Par vent général de sud-ouest, la brise de mer aura tendance à souffler d'ouest ou d'ouest-nord-ouest, par vent général de sud-est, la brise de mer aura tendance à souffler de nord-est, voire d'est-nord-est (parallèle à la côte). Le vent général peut renforcer la brise de mer s'il souffle dans la même direction ou, au contraire, la diminuer s'il souffle en sens inverse. Si le vent général est suffisamment fort, il se substituera à la brise. Le vent de sud-est peut par exemple repousser à nouveau la brise de mer vers le large. Alors, il fera aussi chaud à la mer qu'à l'intérieur des terres. Parfois, il y fera même aussi chaud qu'en Campine, en raison de la nature sablonneuse du sol.
L'activité orageuse.
Le vent de sud-est peut d'ailleurs devenir dangereux en situation pré-orageuse. Ce vent a tendance, dans ce cas à se renforcer, mais la brise de mer se renforce aussi, pour les raisons décrites précédemment. A la rencontre des deux, il se crée alors une puissante zone de convergence, souvent très près de la côte, qui peut alors, en renfort de l'instabilité générale, provoquer des orages violents.

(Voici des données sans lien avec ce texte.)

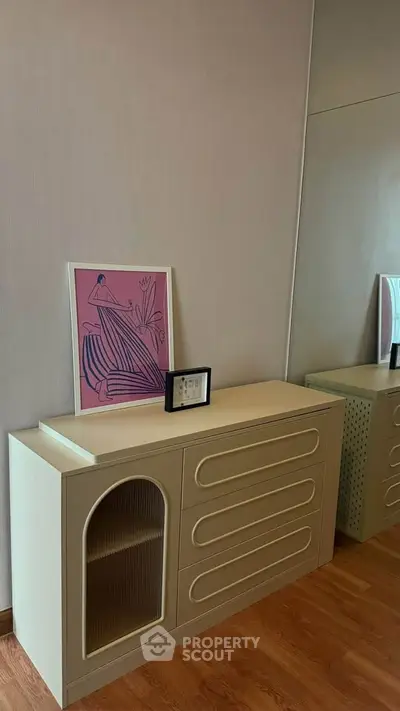 Stylish modern dresser with decorative art in a chic interior setting.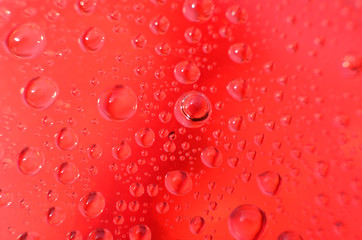 shiny clear water point attached to a glass reflects the same color as the color on the glass into a beautiful background as decoration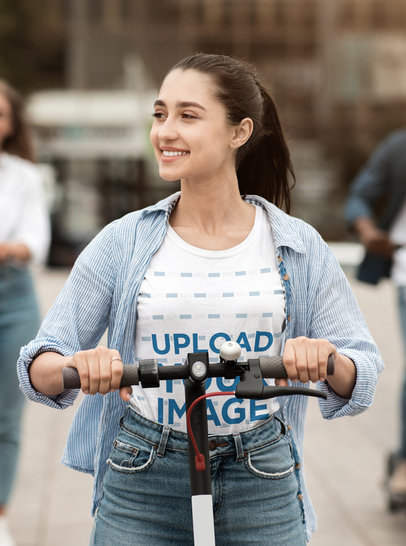 T-Shirt Mockup of a Smiling Woman Riding an Electric Scooter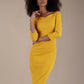 Model wearing diva catwalk Trixie dress against a beige background in (Sunrise Yellow)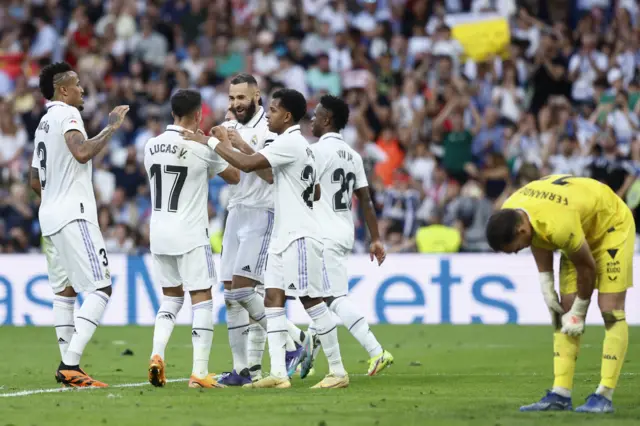 Real Madrid celebrate scoring v Almeria.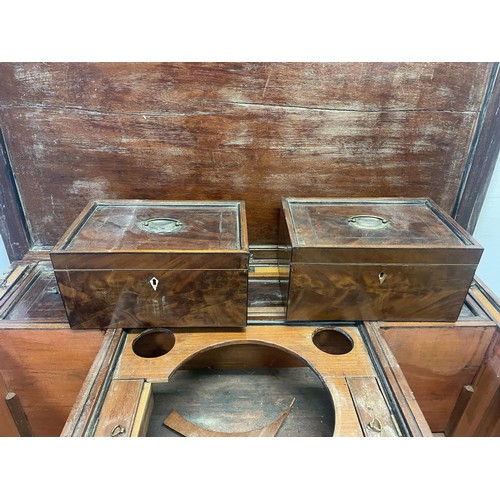 876 - A 19th century mahogany enclosed dressing table, the hinged top to reveal a fitted interior, to incl... 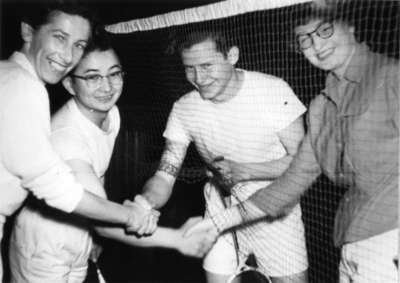 Four badminton players shaking hands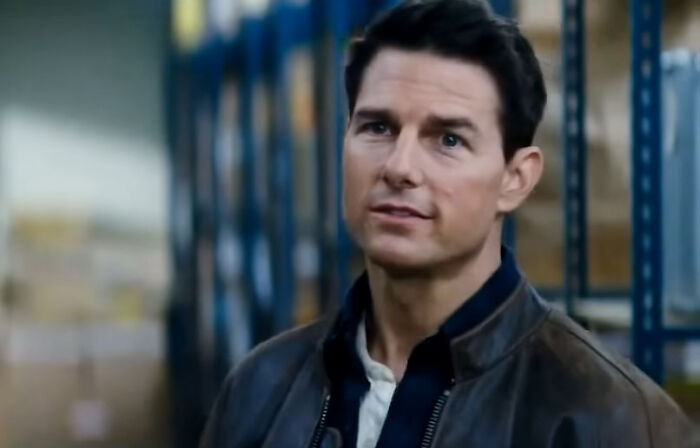 Actor in a warehouse wearing a leather jacket, highlighting casting mistakes in Hollywood.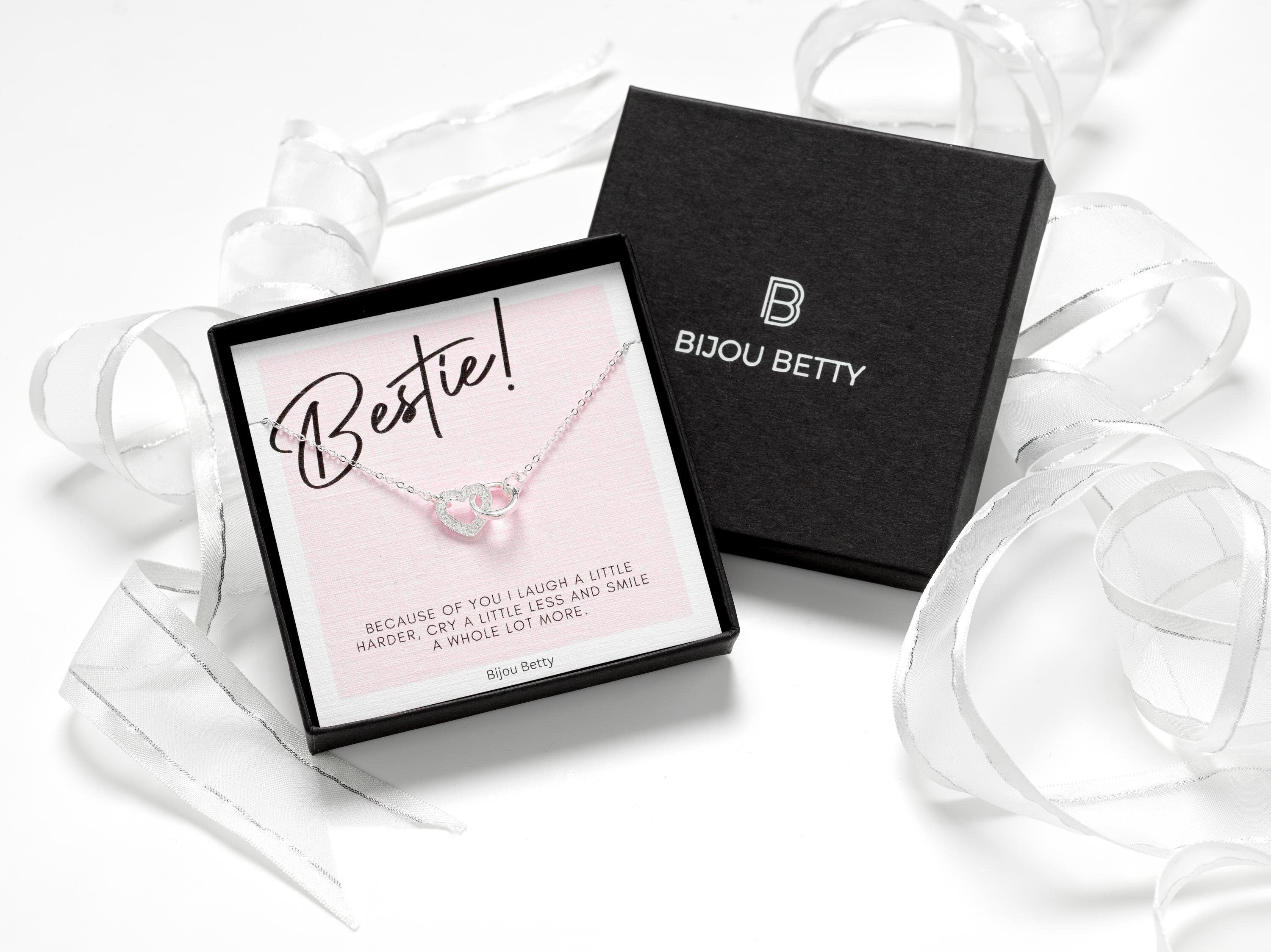 Solid silver interlinked heart and circle necklace.  Presented in a luxury gift box and matching gift bag.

Une autre situation dangereuse est l'avance d'orages frontaux en provenance de l'ouest. Dans ce cas, le front de brise de mer peut venir renforcer le front froid principal et surtout créer une situation complexe de cisaillement du vent, ce qui, non seulement, peut provoquer une importante ascendance dynamique, mais aussi des mouvements rotatoires, tels des trombes d'eau, des tornades. Ce fut le cas, notamment, le 17 juillet 2004.
Photo: M. Legrand
Ceci signifie que les orages, s'ils sont en moyenne moins nombreux à la côte, ne sont pas moins dangereux. On pourrait même dire qu'ils le sont plus. En 1968 aussi, une importante tornade y a déjà été observée (qui, fort heureusement, était restée sur la mer).
En résumé :
Le climat à la mer est, en moyenne, plus ensoleillé mais plus frais en été. La brise de mer, dans les cas habituels, dégage assez bien le ciel des nuages convectifs mais aussi, grâce au courant de compensation en altitude, des stratus et stratocumulus qui se forment plus loin au large: ce phénomène est appelé "éclaircie côtière".
Lorsque le temps est généralement mauvais sur la Belgique, il ne sera guère meilleur à la côte. Toutefois, un passage plus rapide des perturbations et une certaine inhibition de l'instabilité (eaux froides) donne, même dans ce cas, un ensoleillement légèrement meilleur, en contre-partie, le temps est venteux et très frais dans ces cas-là
L'échange terre-mer a tendance à empêcher la formation des orages le long de la côte mais, dans certains cas, il peut les renforcer.
Par beau temps, les températures maximales sont généralement atteintes vers 11 heures du matin, juste avant le développement de la brise de mer. Par ailleurs, la différence peut être très grande entre la région des dunes et le littoral proprement dit, surtout aux heures de midi. L'après-midi, ces différences s'égalisent en raison de la pénétration de l'air marin jusqu'à 20 ou 30 kilomètres à l'intérieur des terres.
Si le vent d'est ou de sud-est (voire de sud) est suffisamment fort pour empêcher la brise de mer, il peut faire extrêmement chaud au littoral. Le cas reste toutefois rare. Lors de la vague de chaleur de 1976, la côte en est restée plus ou moins épargnée car la brise de mer était à chaque fois fidèle au rendez-vous. Ce ne fut pas le cas, par contre, lors de la vague de chaleur de 2003.